Bisnis.com, JAKARTA – Colliers Indonesia menilai tutupnya sejumlah peritel besar menandakan bahwa konsep hypermarket mulai kehilangan daya tarik.
Lembaga konsultasi properti itu juga memperkirakan pelaku ritel, terutama di segmen makanan dan minuman (F&B) akan mengambil langkah ekspansi yang lebih hati-hati sepanjang 2025 ini dengan mempertimbangkan sejumlah kondisi
Head of Retail Services Colliers Indonesia Sander Halsema mengatakan sejumlah faktor seperti pelemahan nilai tukar rupiah, kekhawatiran terhadap inflasi, serta kondisi geopolitik global yang tidak menentu, turut menekan tingkat kepercayaan konsumen.
Kondisi ini juga diperparah dengan tingkat pengangguran yang sedikit meningkat, sehingga berdampak pada daya beli masyarakat. Konsumen kemungkinan akan mengurangi pengeluaran untuk hiburan dan memilih belanja kebutuhan pokok yang lebih terjangkau.
“Banyak pelaku ritel, terutama di segmen makanan dan minuman [F&B], akan mengambil langkah ekspansi yang lebih hati-hati pada tahun ini,” ujarnya kepada Bisnis, dikutip, Selasa (12/5/2025).
Sementara itu, dia juga menyoroti konsep hypermarket di Indonesia terus menunjukkan tren penurunan. Penutupan Giant dan penghentian ekspansi Lulu Hypermarket menjadi contoh nyata bahwa format ini makin kehilangan daya tarik.
Baca Juga
Lulu, sebutnya, bahkan sedang melakukan evaluasi menyeluruh terhadap strategi dan operasionalnya di kawasan Jabodetabek. Transmart pun diperkirakan akan menutup sejumlah gerainya dalam waktu dekat.
Menurut Halsema, fenomena ini telah terjadi sejak 2016 dan disebabkan oleh tekanan dari minimarket dan jaringan supermarket yang lebih ramping seperti Superindo.
“Dengan ukuran gerai yang lebih kecil, mereka bisa membuka toko lebih banyak dan lebih dekat ke konsumen, serta menawarkan harga yang lebih kompetitif,” jelasnya.
Halsema juga menyebut bahwa Alfamart akan menutup sejumlah gerai pada akhir 2024. Namun, langkah ini murni berdasarkan evaluasi performa toko yang tidak menguntungkan, diimbangi dengan pembukaan toko-toko baru di lokasi yang lebih potensial.

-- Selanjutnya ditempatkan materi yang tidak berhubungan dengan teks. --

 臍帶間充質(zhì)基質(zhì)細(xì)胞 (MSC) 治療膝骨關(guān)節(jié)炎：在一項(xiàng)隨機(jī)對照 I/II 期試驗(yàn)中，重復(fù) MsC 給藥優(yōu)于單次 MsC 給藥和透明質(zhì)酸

Peluang Pertumbuhan di 2025 Masih Terbuka
Sepanjang 2025 ini,dia menilai peluang pertumbuhan masih terbuka lebar bagi segmen supermarket dan minimarket. Pertumbuhan kelas menengah serta perkembangan kota-kota lapis kedua dan ketiga menciptakan permintaan baru terhadap pengalaman berbelanja yang lebih modern.
Dia meyakini minimarket dan supermarket yang menyasar kelas menengah ke bawah akan menjadi alternatif bagi konsumen yang mulai beralih dari pasar tradisional. Namun, untuk hypermarket, Halsema tidak melihat adanya tanda-tanda kebangkitan dalam waktu dekat maupun menengah.
Dari sisi regulasi, Halsema menilai Omnibus Law memberikan angin segar bagi sektor ritel, khususnya bagi investor asing.
“Undang-undang ini memungkinkan pelaku ritel asing untuk membuka gerai-gerai yang lebih kecil serta mencabut beberapa larangan di segmen ritel tertentu,” paparnya.
Selain itu, penundaan kenaikan tarif PPN yang sempat direncanakan tahun ini turut memberikan ruang napas bagi pelaku usaha ritel di tengah kondisi ekonomi yang menantang.
Sejauh ini, dia melihat tren kebanyakan pelaku ritel cenderung memilih membuka toko di pusat perbelanjaan besar yang sudah terbukti memiliki lalu lintas pengunjung tinggi, atau di area ritel semi-outdoor seperti One Satrio, Chillax, dan sejenisnya yang juga ramai pengunjung.
“Jadi, lokasi menjadi faktor paling krusial dalam menarik trafik. Tentu saja, sewa di lokasi-lokasi tersebut juga cenderung lebih tinggi,” imbuhnya.
Faktor penting lainnya, sebut dia adalah konsep, desain toko, dan pengalaman menyeluruh yang ditawarkan kepada konsumen.
"Generasi muda, khususnya, kini lebih mencari pengalaman yang menarik dan cenderung memilih ritel yang menyuguhkan hal tersebut dibandingkan ritel konvensional," imbuhnya.